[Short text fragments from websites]
>>
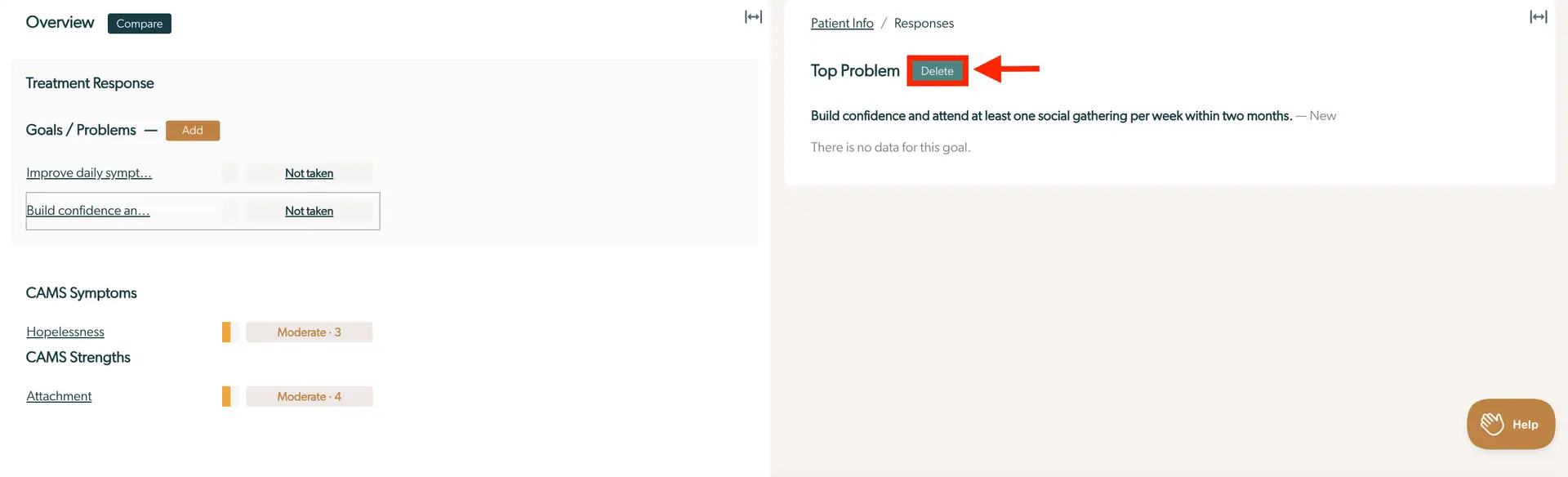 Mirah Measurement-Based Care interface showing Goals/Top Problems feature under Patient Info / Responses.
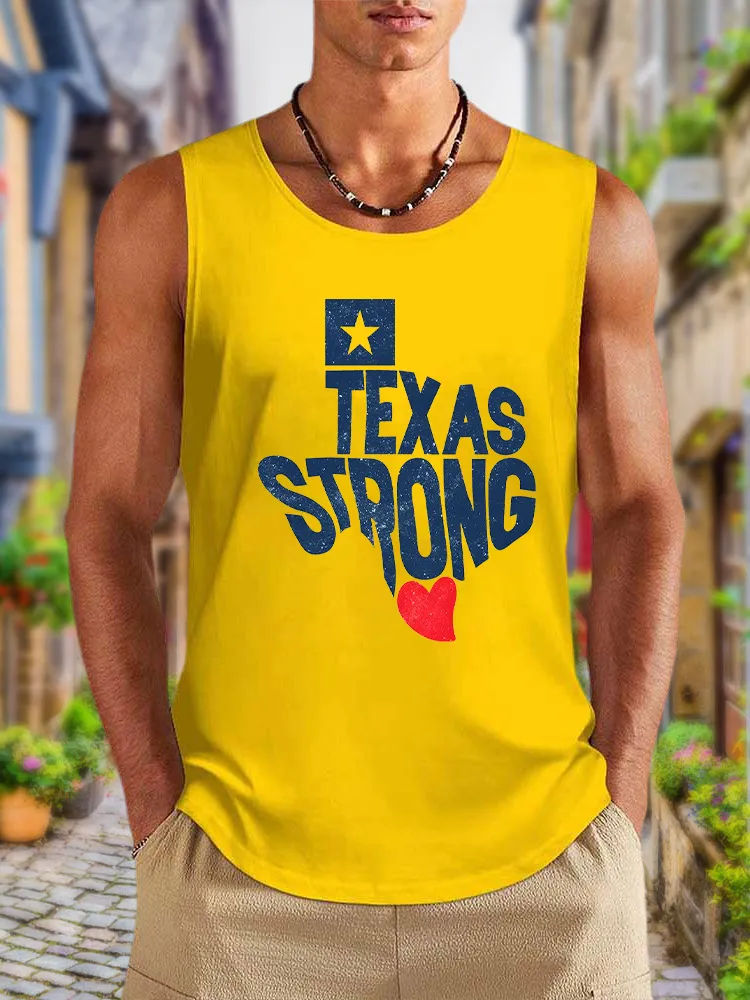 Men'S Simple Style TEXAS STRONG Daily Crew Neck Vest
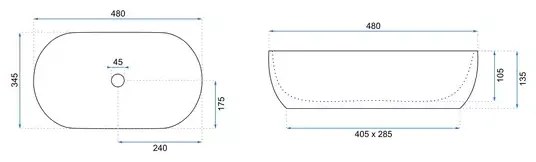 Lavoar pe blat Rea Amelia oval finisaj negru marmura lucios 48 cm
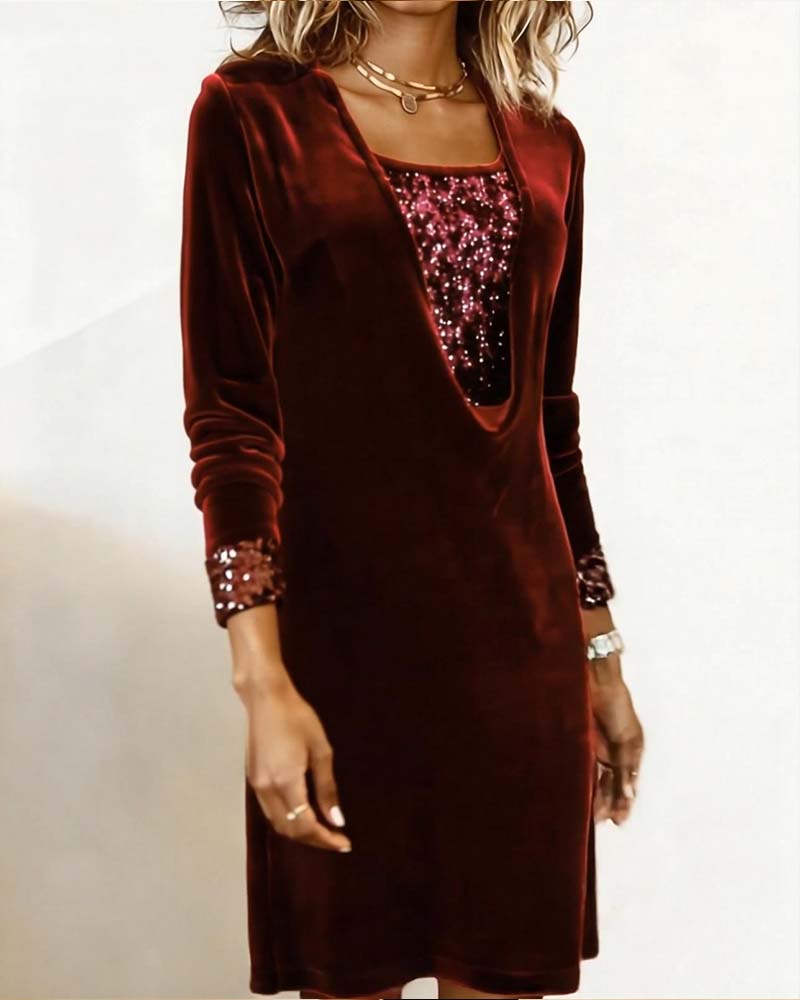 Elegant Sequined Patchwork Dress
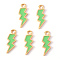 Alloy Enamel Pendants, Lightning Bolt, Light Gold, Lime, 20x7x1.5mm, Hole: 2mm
<<
>>
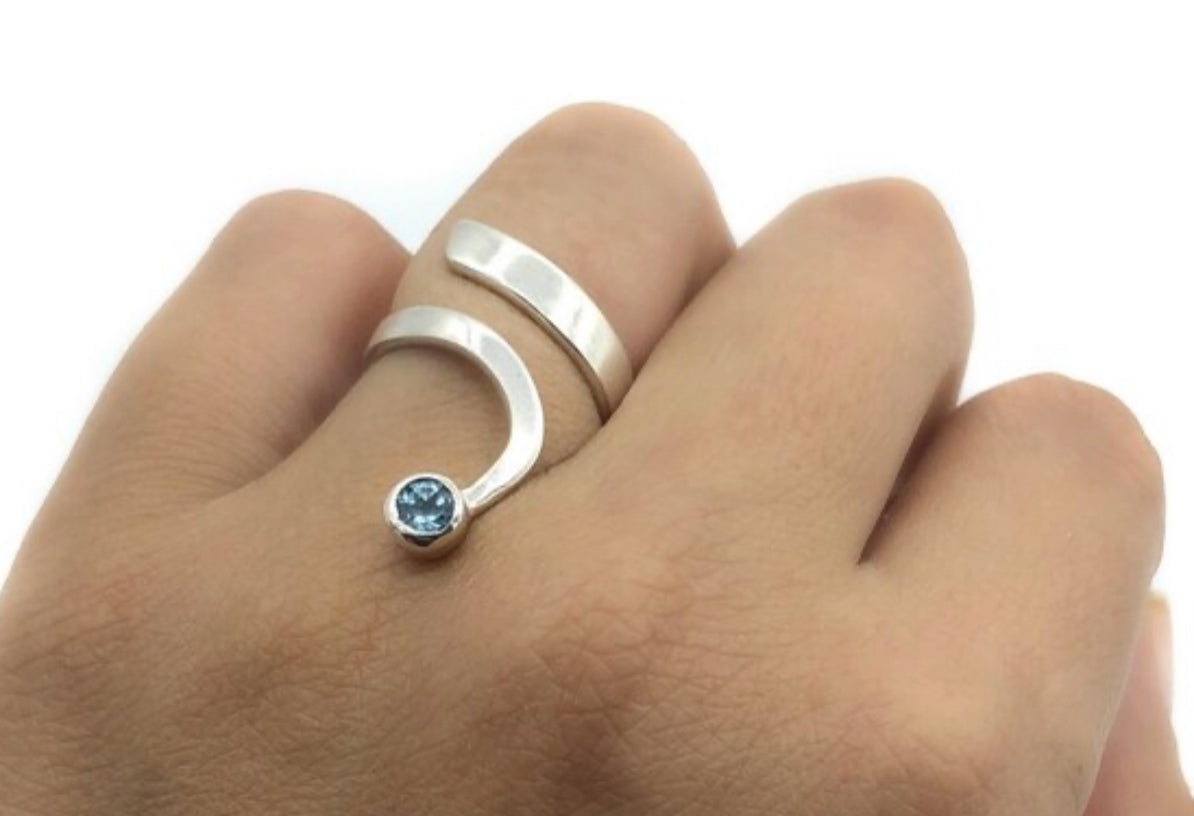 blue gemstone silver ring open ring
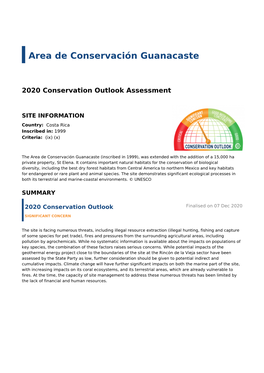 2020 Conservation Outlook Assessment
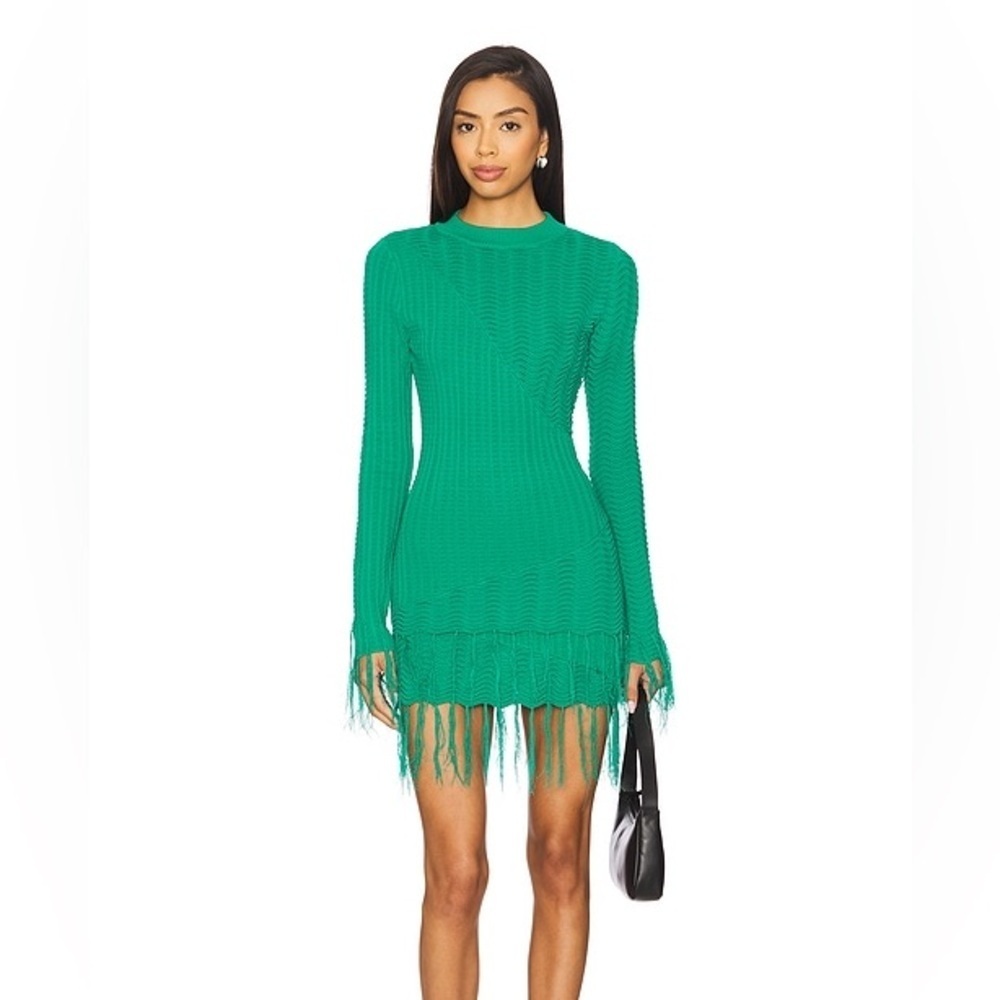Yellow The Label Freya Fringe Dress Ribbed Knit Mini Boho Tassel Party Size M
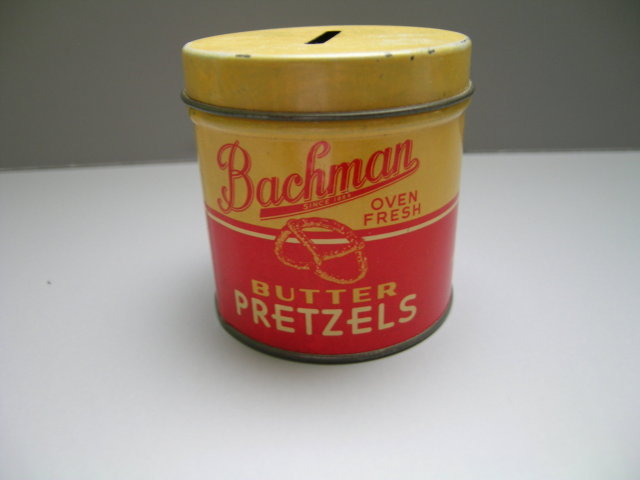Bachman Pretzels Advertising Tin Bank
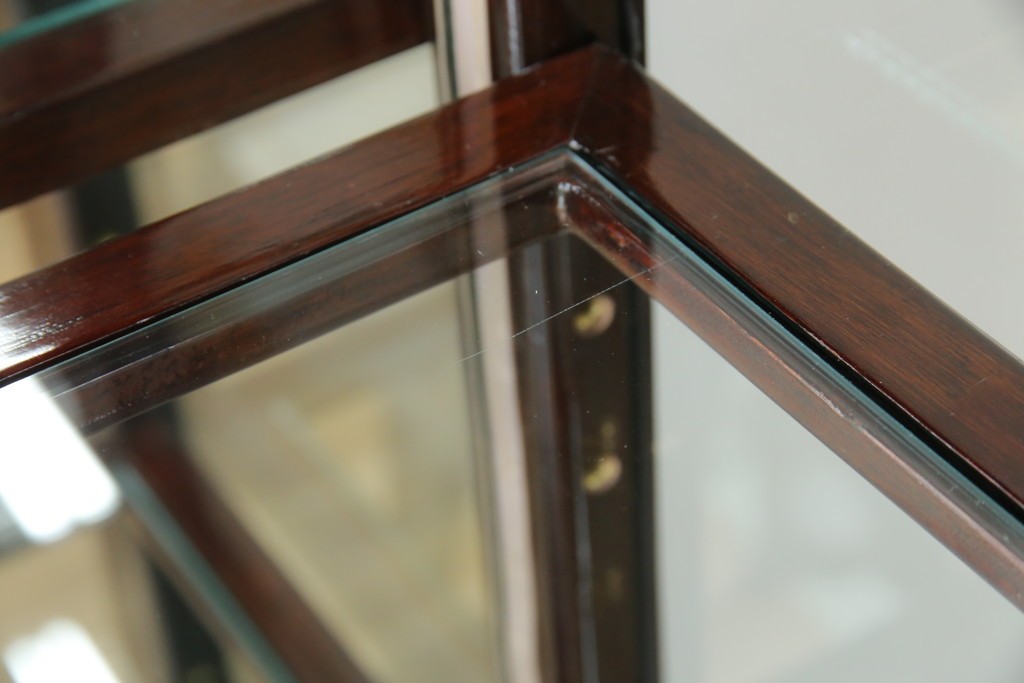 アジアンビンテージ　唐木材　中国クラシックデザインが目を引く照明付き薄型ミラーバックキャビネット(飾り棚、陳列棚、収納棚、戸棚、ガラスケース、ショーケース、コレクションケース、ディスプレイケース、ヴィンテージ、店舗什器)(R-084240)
<<
To do: Exact copy, pictures excluded: from the line with "Mirah Measurement-Based Care" up to and including the line with "Alloy Enamel Pendants, Lightning" in the data above.

Task response:
 Mirah Measurement-Based Care interface showing Goals/Top Problems feature under Patient Info / Responses.
 Men'S Simple Style TEXAS STRONG Daily Crew Neck Vest
 Lavoar pe blat Rea Amelia oval finisaj negru marmura lucios 48 cm
 Elegant Sequined Patchwork Dress
 Alloy Enamel Pendants, Lightning Bolt, Light Gold, Lime, 20x7x1.5mm, Hole: 2mm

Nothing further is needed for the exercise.